I kind of forgot about this until I was running through the woods today and noticed the early autumn falling leaves. I stopped my run for a moment, held my hands out and waited for a leaf to come my way. I waited. Ten seconds. Thirty seconds. A minute and nothing. Just waiting for luck to arrive means there will be a long wait.
I carried on running until the next flurry came. Rather than waiting, I started jumping around from one place to another, more desperate to catch an elusive leaf. I came close, some even touched my hand but, alas, no caught leaf. I had more hope and realised that this approach was more successful than just waiting for luck to come to me.
Having made a fool of myself for around a minute or two, an impatient dog was off and away so I trudged on. As fate would have it, there were no more flurries by the time I got back to the car. Bugger. I’d been running for 45 minutes and hadn’t caught my leaf. A little tired, I decided to take action into my own hands. I found a low oak branch with plenty of curled, brown leaves and shook. Suddenly lots of falling leaves which I could catch easily.

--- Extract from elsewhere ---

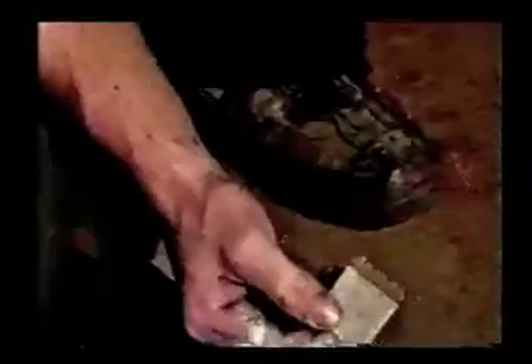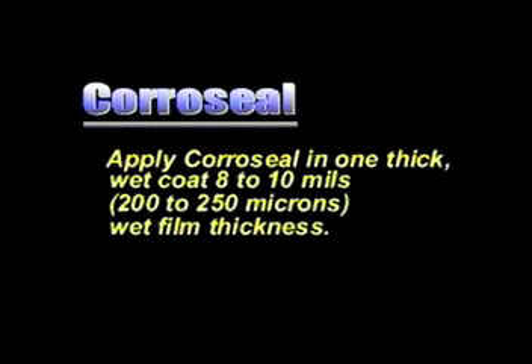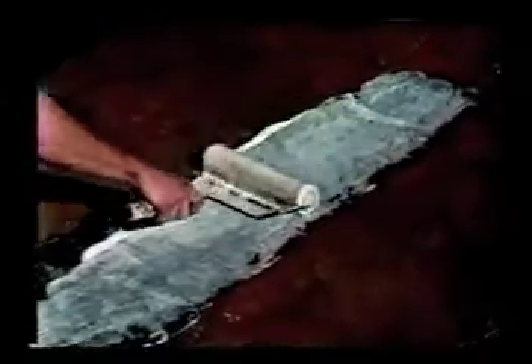Avoid overpainting areas as this creates brush stroke marks or ridges in the coating. Check the wet film thickness with a wet film gauge from time to time as you apply Coraceal. Remember to touch up the holes left from the gauge. Unlike some primers that require several thin coats, Coraceal works best when applied in one heavy coat. Do not apply in several thin applications.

When I pick my daughter up from school later, I will tell her that I managed to catch a falling leaf. I probably won’t tell her the most important fact was that I had a lot to do with how I ended up catching one. Some might see shaking the branch as cheating, others might see it as using one’s initiative. The thing is, when it comes to luck, you can’t just sit there and wait for it to fall into your hands, you have to be proactive in looking for it.